Energie- en personeelskosten nemen grote hap uit Veurns budget, maar met de nodige aanpassingen vindt het bestuur financieel evenwicht

Stadskantoor De Seylsteen.
Myriam Van den Putte
Myriam Van den Putte Journaliste Het Wekelijks Nieuws

Het Veurnse bestuur heeft zich gebogen over de Meerjarenplanning 2023 en zal maandag 12 december in de gemeenteraad stemmen over de aangepaste versie die het financiële evenwicht in balans brengt. Ondanks stijgende energiekosten, personeelskosten en aanbestedingsprijzen kan Stad Veurne haar jaarlijkse werking verzekeren en blijft de dienstverlening gewaarborgd.

Jan Verfaillie, schepen van Financiën: “Door het zuinige beleid uit het verleden en het beter budgetteren van de investeringen zijn we er, ondanks de uitdagingen, in geslaagd om het financieel evenwicht te behouden, zonder grote gevolgen voor het gevoerde beleid. Een financieel evenwicht is absoluut noodzakelijk om de toekomstige werking van onze stad niet in gevaar te brengen.”

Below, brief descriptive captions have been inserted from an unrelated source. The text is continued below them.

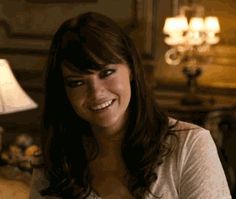 I loved Emma Stone's hair in this movie. The side swept bangs and bouncy wavy hair made her darkly lined eyes that much more feminine!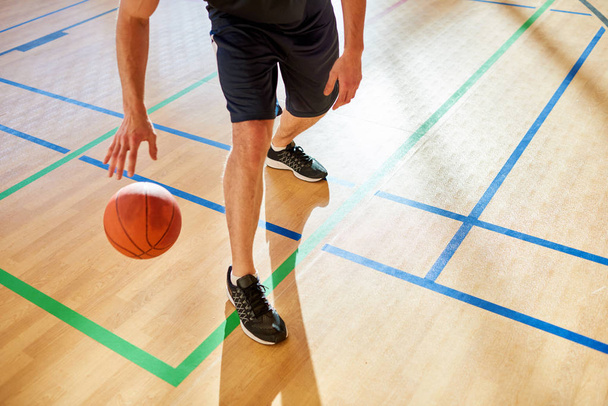 Баскетболист капает мяч на полу корта во время матча
.  - Фото, изображение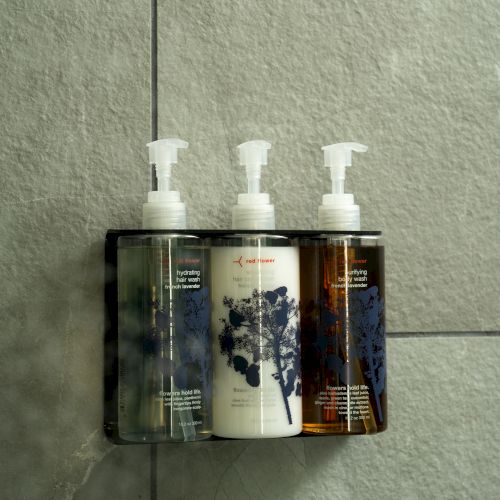 Three bottles of liquid soap or lotion mounted on a small wall shelf with pumps, against a tiled wall.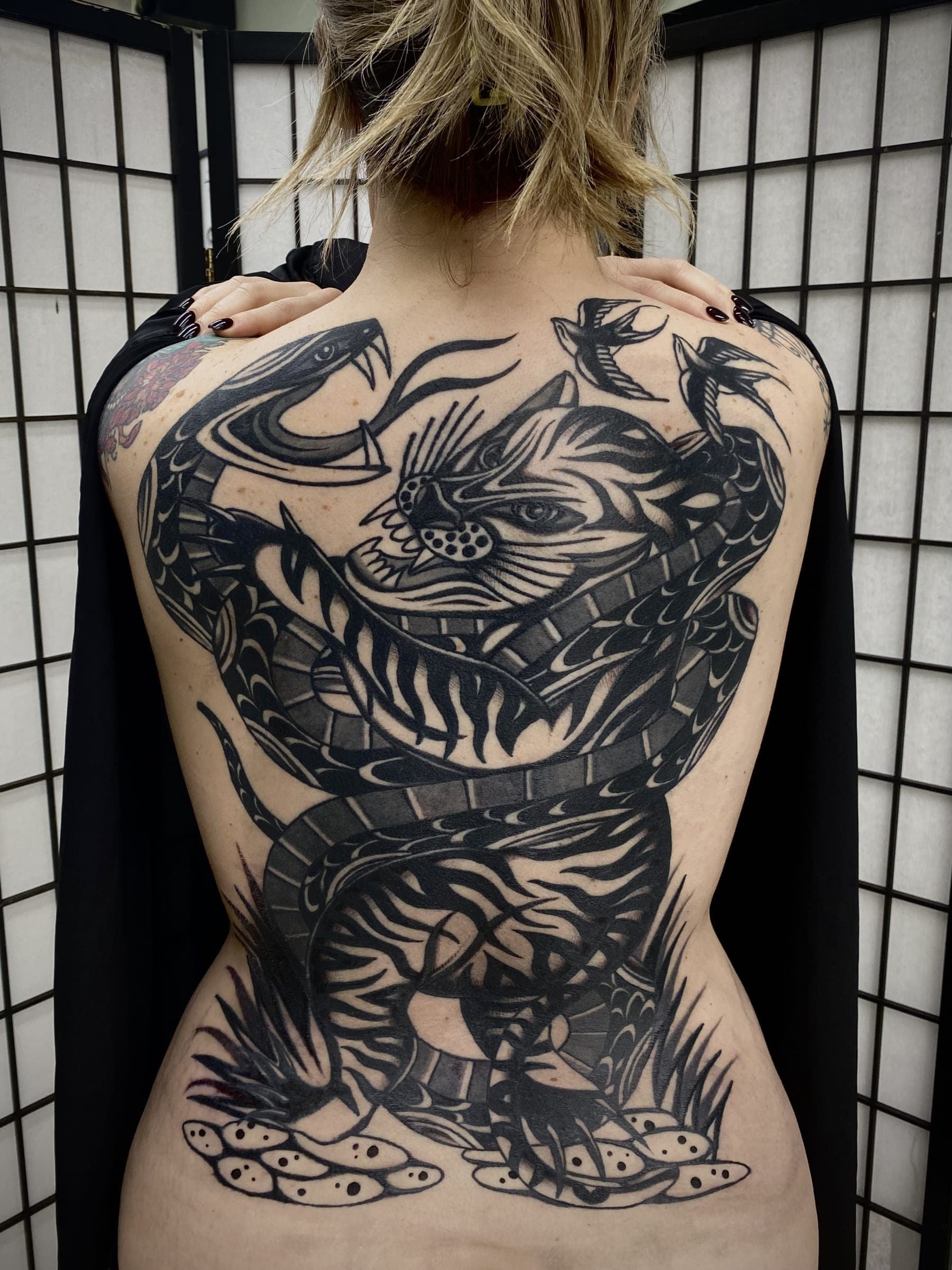 Large black tattoo of a striped tiger battling a coiled snake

Bezuiniging op de energiefactuur

Ook in Veurne neemt de energiefactuur een flinke hap uit het budget. Zo is voorzien dat er voor het verbruik van 2022 een bedrag van 2.351.254 euro zal moeten worden betaald, ten opzichte van 1.072.852 euro in 2021. Het stadsbestuur nam intussen al enkele maatregelen om die kost te drukken. Zo wordt de openbare verlichting tussen 23.00 en 05.00 uur gedoofd (behalve op vrijdag- en zaterdagavond), wat al een besparing oplevert van zo’n 193.300. Dit is 37% van de jaarlijkse kost van 580.000 euro. De temperatuur in de openbare gebouwen en van het zwembadwater een graadje lager draaien levert een besparing van 15% op.

Personeelskosten

Ook de personeelskosten hebben door de inflatie een impact. In 2022 stegen die met 10% door vijf indexsprongen tot 24.962.133 euro (bezoldigingen, sociale lasten en pensioenen). In 2023 wordt geschat dat er 6% door indexsprongen zal bijkomen, waardoor de totale kost voor personeel zal oplopen tot 26.310.242 euro.

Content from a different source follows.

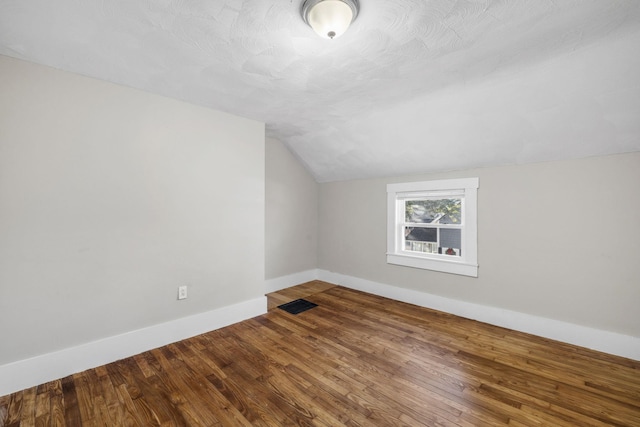 bonus room featuring hardwood / wood-style flooring, vaulted ceiling, and a textured ceiling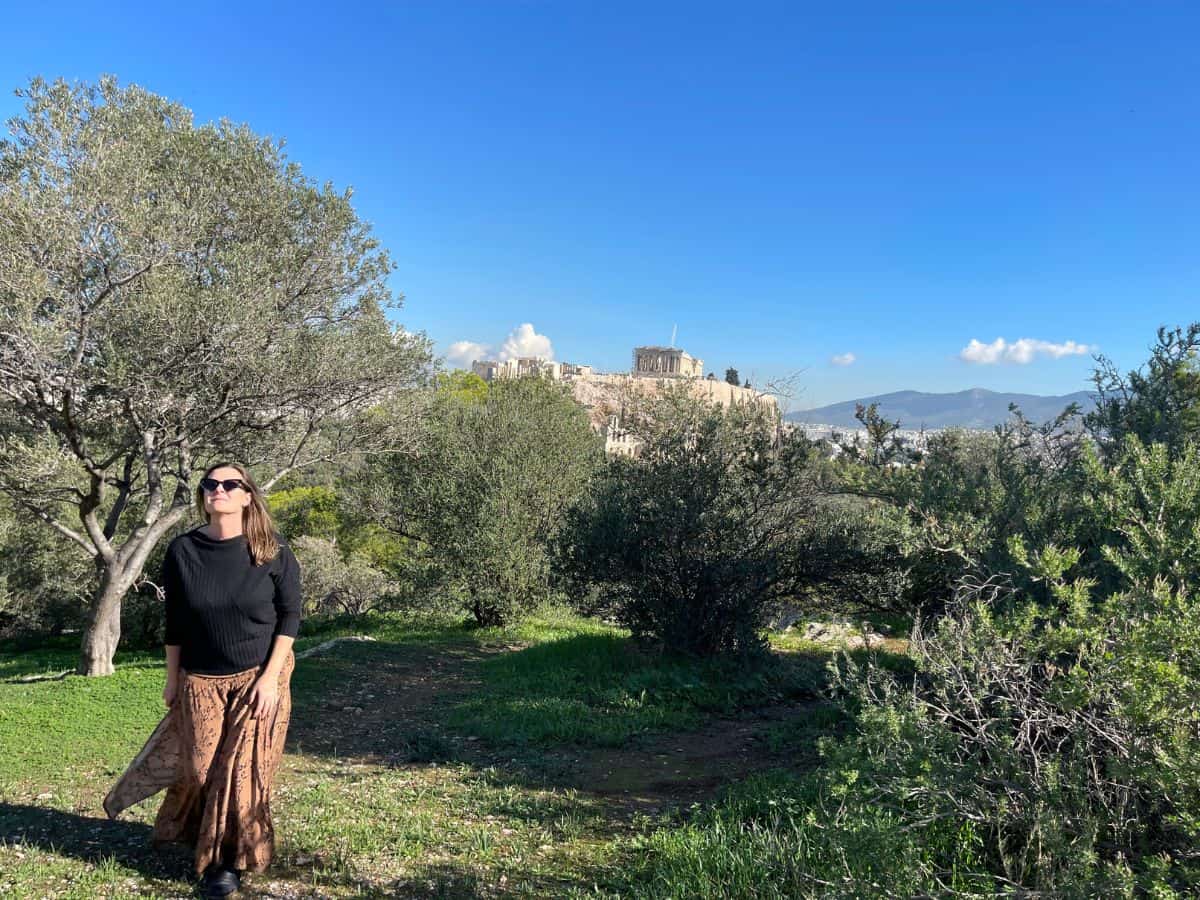 a woman living in Athens exploring the green spaces with the Acropolis in the background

“De investeringen worden nauwkeuriger gebudgetteerd, waardoor ze pas ingeschreven worden in de begroting op het ogenblik dat ze effectief nodig zijn”, verduidelijkt schepen Verfaillie. “Daardoor kunnen we onze financiën beter managen en krijgt de gemeenteraad een beter inzicht in welk jaar welke investering zal worden uitgevoerd.”

De meest opvallend geplande investeringen voor 2023 zijn de fietsbruggen (Kaaiplaats naar Suikerpark en Voetbalstraat naar Rozendalstraat). Hiervoor is er 4.131.000 euro uitgetrokken, maar is het nog wachten tot de andere overheden hiervoor mee budget vrijmaken. In 2023 zal ook het nieuwe hoofdgebouw van StAPwest onder de Suikertoren worden ingericht, wat ongeveer 1,8 miljoen euro zal kosten.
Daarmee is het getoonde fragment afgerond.